Y como la estupidez florece en entornos donde el pensamiento crítico es desalentado, para combatirla, es esencial: i) educar en la reflexión, enseñando a las personas a cuestionar, analizar y debatir ideas, en lugar de aceptarlas sin más (de ahí la importancia central de una educación que potencie el pensamiento crítico); ii) promoviendo el diálogo, creando espacios donde las personas puedan discutir abiertamente temas difíciles, sin miedo al rechazo o al castigo.

Como ya mencionamos, Bonhoeffer enfatizaba la importancia de la comunidad como antídoto contra la estupidez. Una comunidad auténtica fomenta la solidaridad, ya que las personas se apoyan mutuamente para resistir la presión del conformismo.

Además, en una comunidad sana, sus miembros se ayudan a reconocer y superar la estupidez, tanto individual como colectiva.

En situaciones donde la estupidez se generaliza, es necesario actuar con coraje y valentía. Esto exige: i) denunciar incansablemente la injusticia, no quedarnos callados ante lo que nos parece mal, incluso cuando esto implique riesgos personales; ii) resistir activamente, siendo el mismo Bonhoeffer un ejemplo vivo de esto, ya que participó en la resistencia contra el nazismo, a pesar de las consecuencias.

Y como para Bonhoeffer la estupidez es en última instancia un problema espiritual, enfrentarla también requiere reconectarse con principios éticos, volviendo a valores como la justicia, la compasión, la solidaridad y la dignidad humana.

Pero ¿puede esto funcionar en la práctica?
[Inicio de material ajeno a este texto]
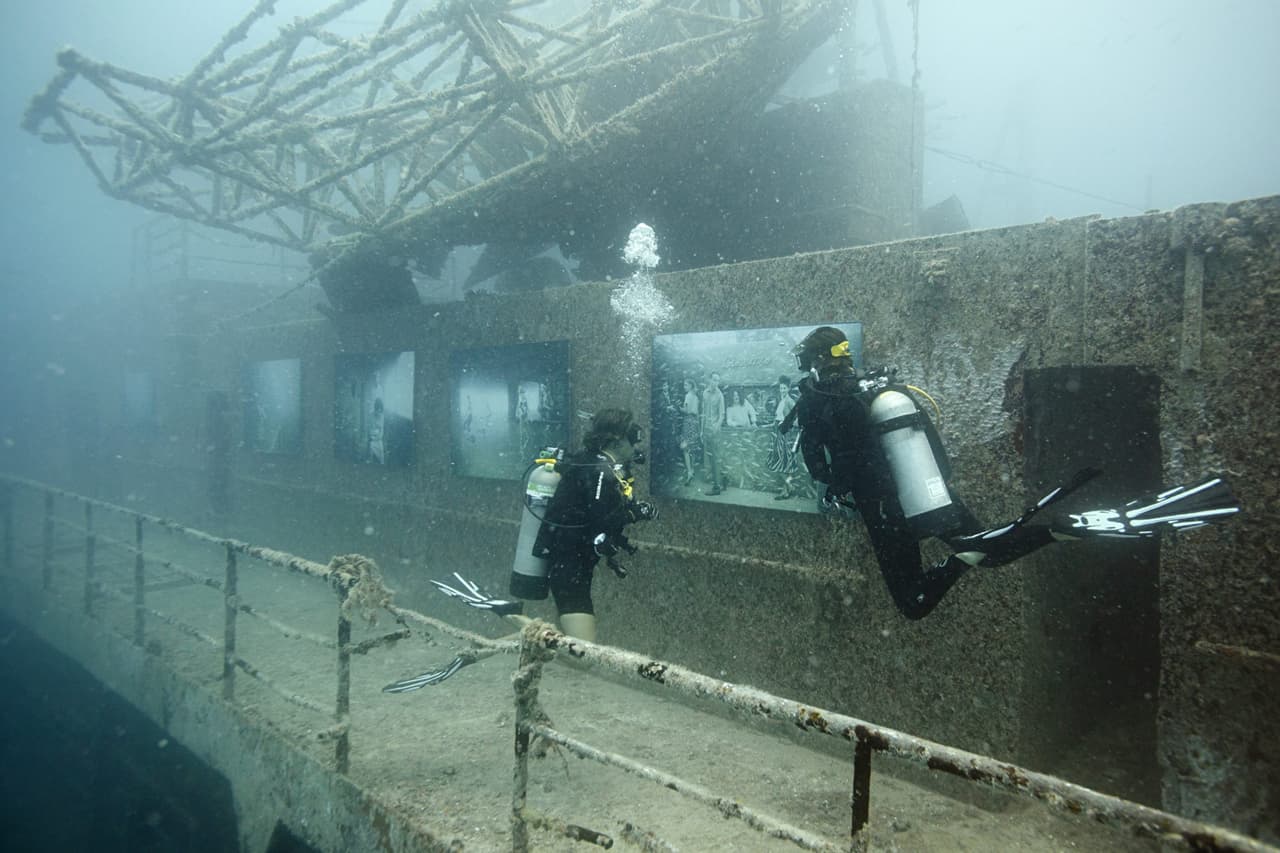 Los restos del barco hundido en Key West resultó un lugar ideal para esta increíble exhibición.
Bonhoeffer no solo teorizó sobre cómo combatir la estupidez, sino que también lo puso en práctica. Algunas de sus incansables acciones incluyeron:

– Educar y concienciar: como profesor y pastor, Bonhoeffer trabajó para formar a personas críticas y éticas.

– Crear redes de resistencia: participó en la Iglesia Confesante, un movimiento cristiano que se oponía al control nazi de las iglesias.

– Actuar con integridad: aunque sabía que su oposición al régimen nazi podía costarle la vida, Bonhoeffer nunca renunció a sus principios.

Bonhoeffer nos enseña que la estupidez no es invencible. Aunque puede generalizarse en ciertas situaciones históricas, siempre hay formas de combatirla: recuperando la autonomía moral, fomentando el pensamiento crítico, construyendo comunidades auténticas, actuando con coraje y reconectando con valores éticos y espirituales. Estas herramientas no solo son relevantes para el contexto del nazismo, sino para cualquier situación en la que la estupidez amenace con dominarnos.

Ciertamente, las formas actuales de dominación cultural que nos ciegan y nos llevan a la estupidez son hoy más complejas y diversificadas: la adicción al entretenimiento, el declive intelectual y cultural, el hedonismo y el individualismo radical, el populismo, el mesianismo, el ocaso de pensamiento crítico, la cultura del espectáculo y la distracción, la primacía de la inmediatez, la sumisión voluntaria, la mentira sistemática, el anonimato de las redes sociales, la censura y manipulación sofisticada de los algoritmos, etc. Aun así, las reflexiones de Bonhoeffer nos brindan un marco conceptual básico para comenzar a entender el problema y buscar soluciones.